__Exercise requirements__
Every line below is to be set down again exactly; any image stays out.

__Exercise data__
==================================================

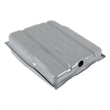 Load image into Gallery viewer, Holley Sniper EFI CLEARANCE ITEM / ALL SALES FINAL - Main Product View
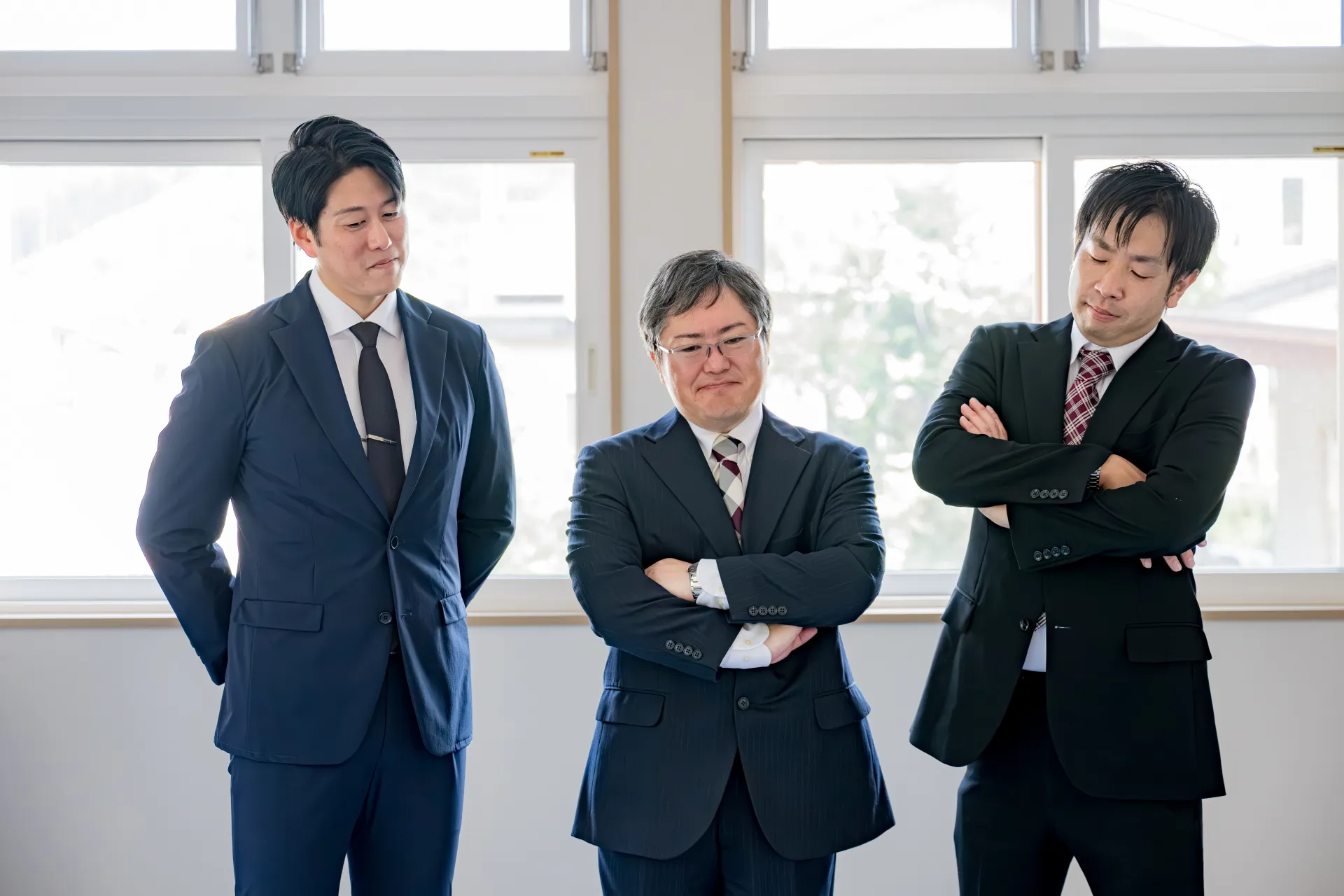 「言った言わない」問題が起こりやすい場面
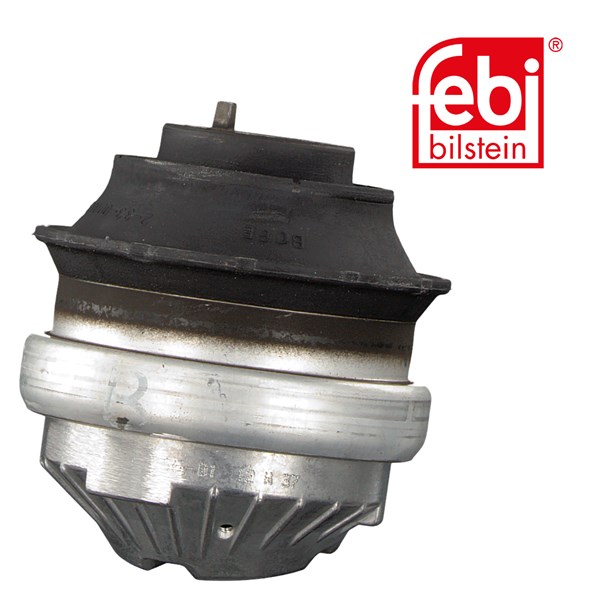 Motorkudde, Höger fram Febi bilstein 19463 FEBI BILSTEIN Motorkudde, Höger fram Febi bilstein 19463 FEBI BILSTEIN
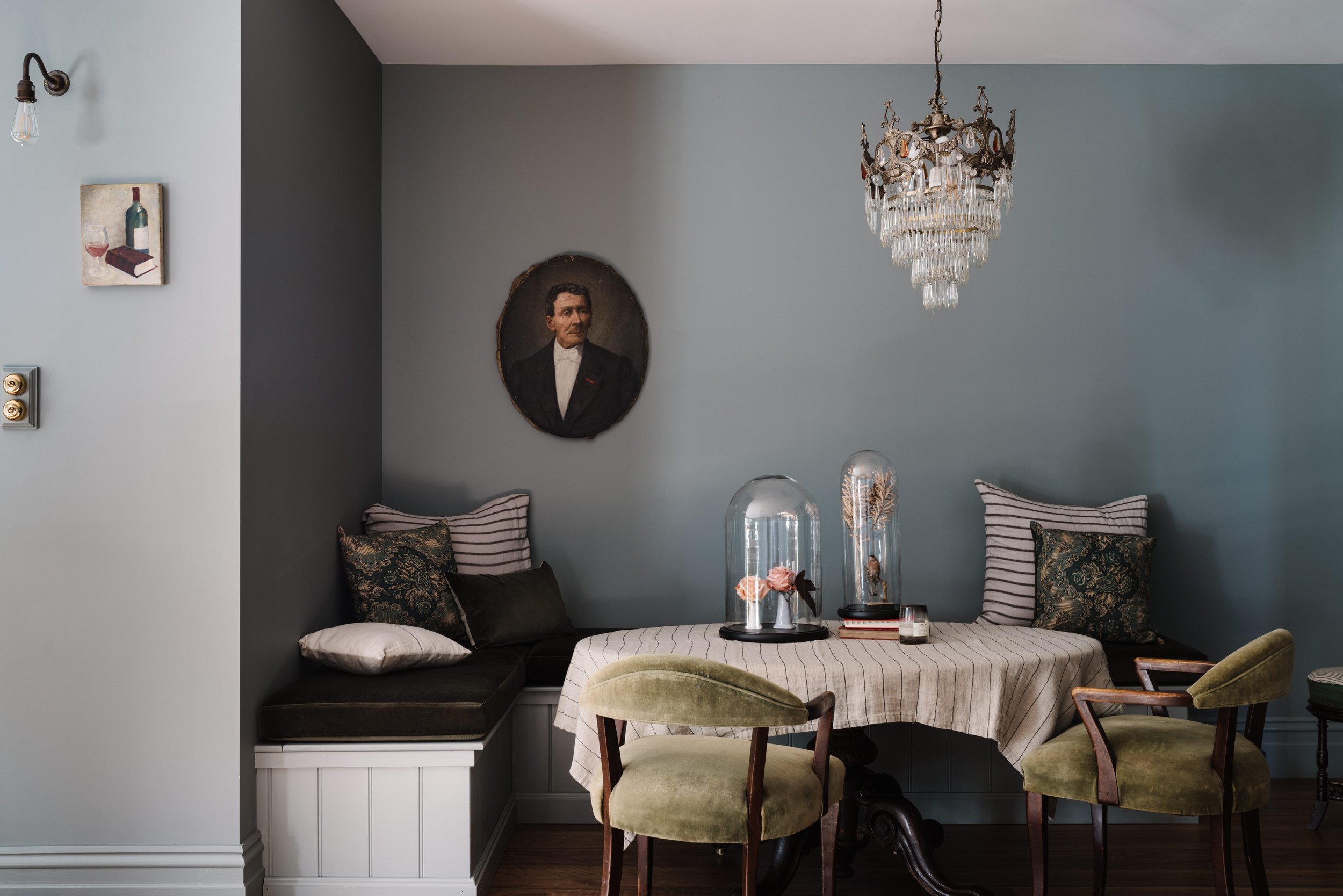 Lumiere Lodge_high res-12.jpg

==================================================

__Answer to this problem__
 Load image into Gallery viewer, Holley Sniper EFI CLEARANCE ITEM / ALL SALES FINAL - Main Product View
 「言った言わない」問題が起こりやすい場面
 Motorkudde, Höger fram Febi bilstein 19463 FEBI BILSTEIN Motorkudde, Höger fram Febi bilstein 19463 FEBI BILSTEIN
 Lumiere Lodge_high res-12.jpg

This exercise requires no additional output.